Wednesday, February 04, 2009

Obama to continue secret CIA "renditions" - secret abductions and transfers of prisoners


NOTE: READ UPDATE BELOW


Well, I was excited about the closing of Guantanamo Bay and other reforms (I still am, actually, very much), but Obama's recent decision granting approval to the CIA for the continuation of their "extraordinary renditions" program has me thinking he may just be rearranging the deck chairs on our nation's moral Titanic.

Renditions - secret CIA abductions and transfers of government prisoners to "friendly nations" (where they are sometimes tortured) have been understandably controversial. When torture occurs following a rendition, it allows our government to avoid directly participating in the torture process while looking the other way and allowing it to happen. As a commenter said following DailyKos's report that members of Bush's rendition team were heading Obama's intelligence transition team : "We've got someone who can make our torture look better. That's the change we need, right?"

If we really believe in God-given human rights, we will do our best to make certain that people aren't tortured on our watch. The fact that we won't always be the ones doing it is of dubious comfort.

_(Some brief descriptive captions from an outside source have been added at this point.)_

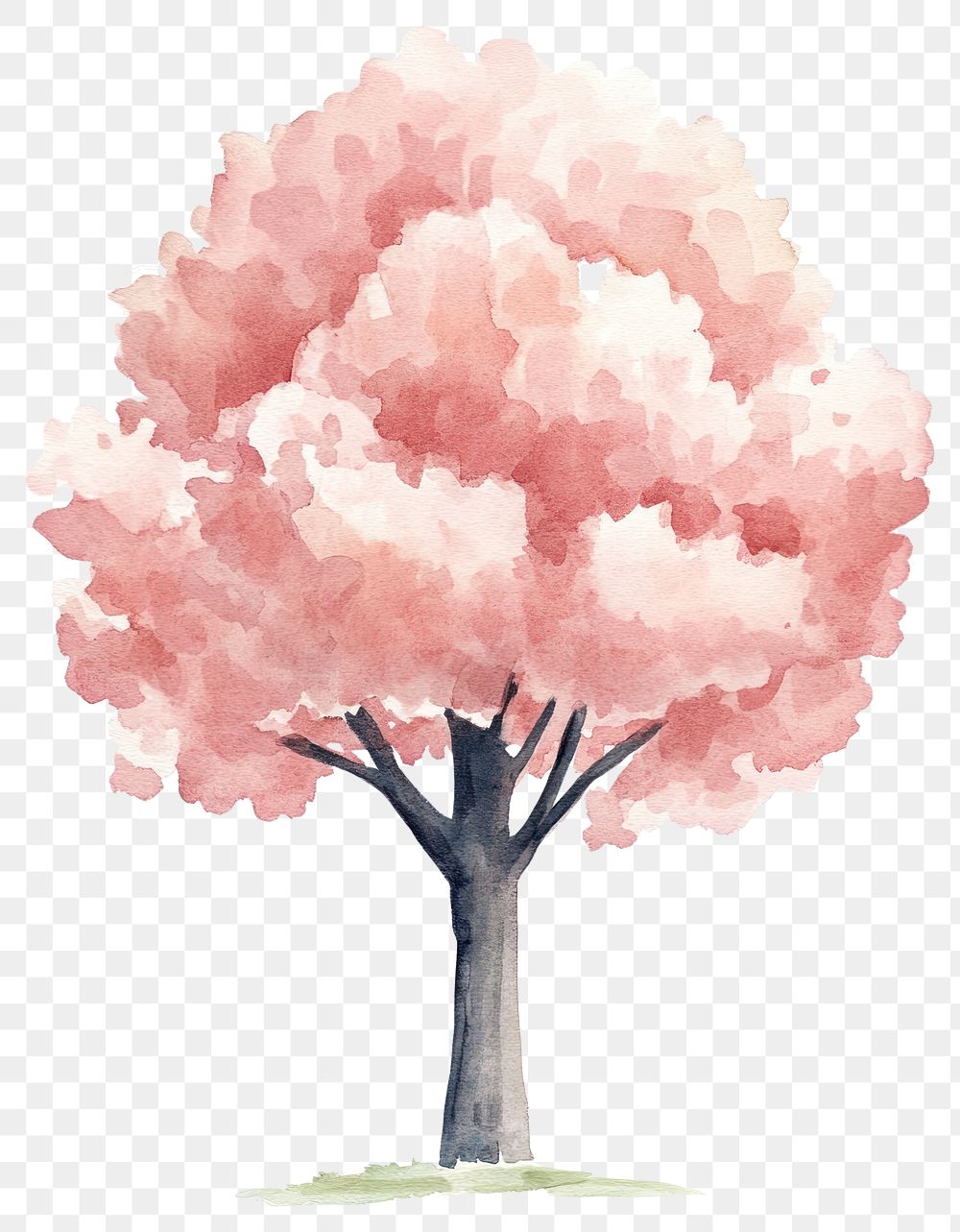 PNG Cherry Blossom Trees tree art illustration.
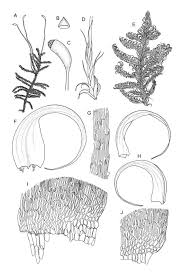 Attēlu rezultāti vaicājumam “Sanionia uncinata”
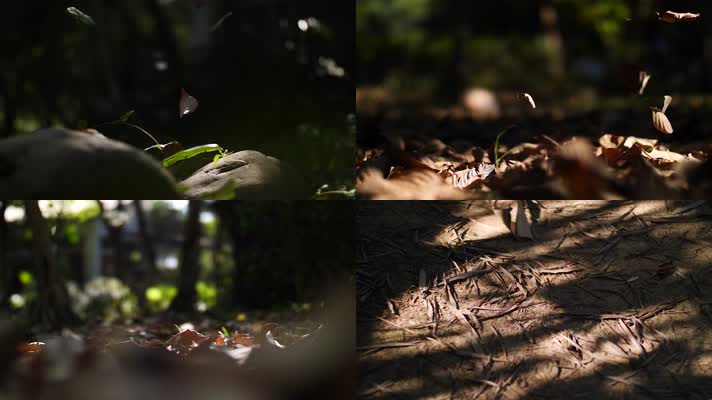 秋天落叶枯树叶慢镜头视频素材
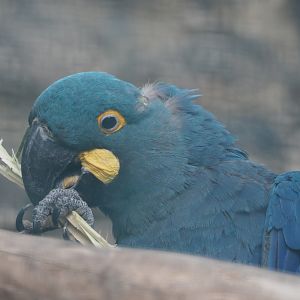 Lear's macaw (Anodorhynchus leari), 2020-09-02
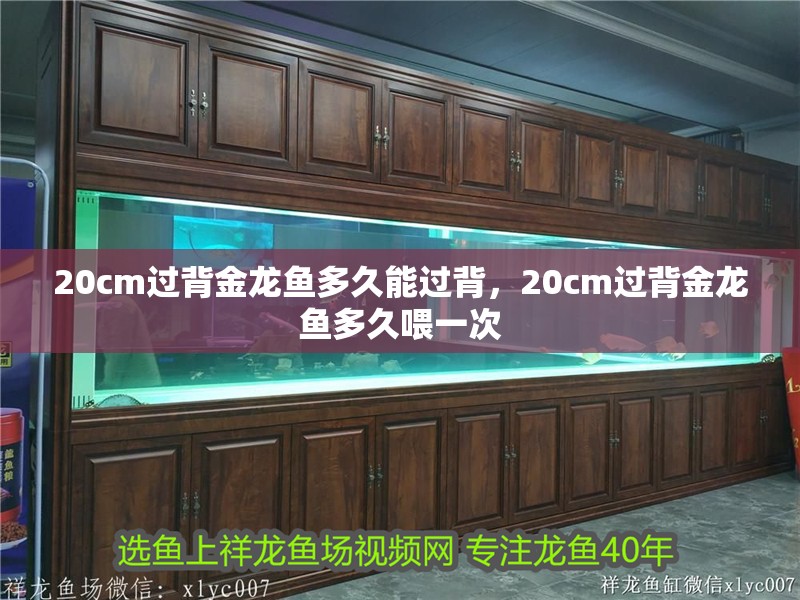 我的虎魚真菌感染了要怎么處理 20cm過背金龍魚多久能過背,20cm過背金龍魚多久喂一次 龍魚百科 20cm過背金龍魚多久能過背,20cm過背金龍魚多久喂一次 20cm過背金龍魚多久能過背,20cm過背金龍魚多久喂一次 龍魚百科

Obama preserves renditions as counter-terrorism tool (LA Times)

Related links:

The agonizing truth about CIA renditions (Salon)
Americans in opposition to torture
Why torture is ineffective

UPDATE: When writing this post I did not make a distinction between the practice of openly shuttling a prisoner to another country for purposes of law enforcement - also termed a "rendition" - and renditions in which subjects have been secretly shuttled away for long periods or tortured. The term "extraordinary rendition" connotes torture and the Obama Administration has explicitly banned renditions which may result in torture. Of course we are not the only nation on Earth which has stake in prosecuting terrorists, and there may be a variety of reasons that a prosecution in another nation may be more appropriate. Nevertheless, we are responsible to assure that prisoners we transfer or allow to be transferred are treated humanely.